California Ajax Solutions Team

www.CalAST.com

Appendix A: Database Basics

If you don't know anything about databases at all, this appendix should give you enough information to get you started. You don't need to be an expert to use DynaCRUX, but it really will help to understand the material presented here.

Tables

The most basic thing you need to know about databases is that they store data in tables. It might be easier to think of each table as a little spreadsheet, because they are arranged in much the same way. There are rows and columns, just like a spreadsheet, with each column representing a type of information (name, address, phone number) and each row representing an entry with the columns filled in with information about that entry. So, the most common "starter" example is usually something like this:

Employee ID Last Name First Name Phone Email SSN
1 Smith John 707-555-1212 john.smith@mycompany.com 123-45-6789
2 Doe Mary 415-555-1212 mary.doe@mycompany.com 987-65-4321

The column headers are not stored in the table, but the database does remember the table structure and the names of the columns - it just keeps them somewhere else.

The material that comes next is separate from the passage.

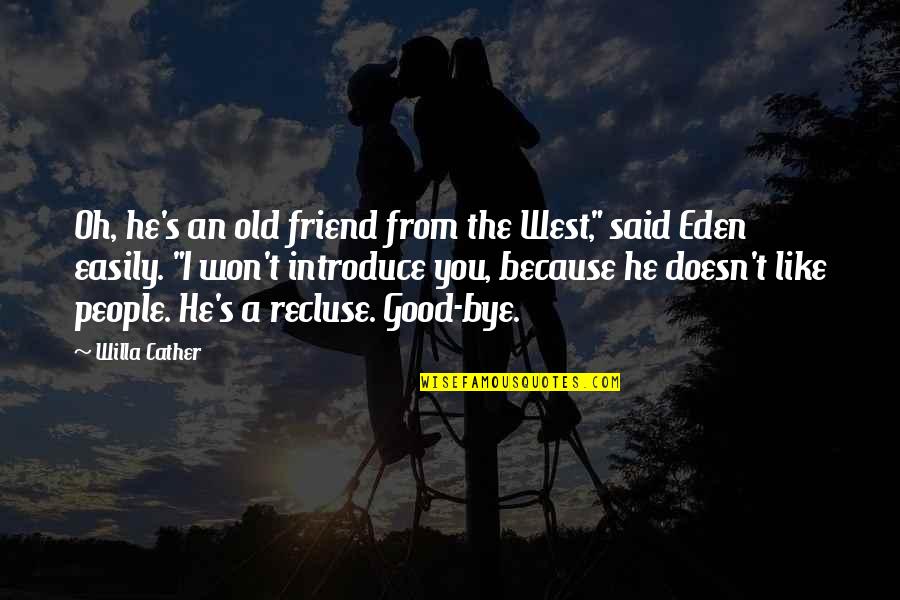 Looking At Yourself Before Judging Others Quotes By Willa Cather: Oh, he's an old friend from the West,"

Only the data itself is entered in the table.

That's about all you need to know to begin with, except that the columns have data types associated with them. Each column can contain information only if it agrees with the type of the column, which you set when you define the table. The most common types are integers (like Employee ID, above) and strings, but databases can contain floating point numbers, dates and times, and other types, plus variations on the basic types (like very small integers and very large ones). You need to think about all this when you design a database, but not generally when you use one.

A record is just another name for a row, and a field is just another name for a column. Everyone uses these terms interchangeably, which can be a bit confusing until you get used to it.

Keys

We'll just talk about the basics here, and return to this topic shortly.

Certain columns in a database are designated as keys, and are mostly used to establish the relationships between tables. In a way, you can't understand keys without understanding relationships, and vice-versa, so it's hard to decide which to start with. So just accept it that we need keys, and we'll tell you why in a moment.

Keys come in a few different types, but the most common are primary keys, which uniquely identify a row, and foreign keys, which are columns that contain references to rows in other tables. Databases do not require you to have these keys, but they are necessary to establish how tables are tied together so you can get meaningful information from your database.

Relationships

To find things in a database, you issue a query telling the database program what you want to know. These generally require that you know something about the relationships between tables. Of course, DynaCRUX is designed to minimize this requirement - except for administrators, of course.

Consider the sample database BookBlog, which allows members to write comments about the books they are reading. We'll skip the blog part for now, and just point out that there is a table of books and a table of authors. For simplicity, we'll just assume that book has only one author (which is not always true). However, one author can write many books, so we want to establish what is called a one-to-many relationship (or many-to-one, depending on where you start) between an author and her books.

So how do we tie the book table and the author table together? Each has a primary key that uniquely identifies the row in the table. For the book table, the primary key identifies the book; for the author table, it uniquely identifies the author. We use numbers for these keys, because there can be more than one book or more than one author with the same name.

To establish the relationship, we provide a foreign key column (author_id) in the books table that refers to the primary key (id) of the authors table. We could not really go the other way in this example, because a key can refer to only one thing. Since the author may have written many books, it can't "point to" all of them. Thus, the relationship is defined so that each of those books "points to" the same author.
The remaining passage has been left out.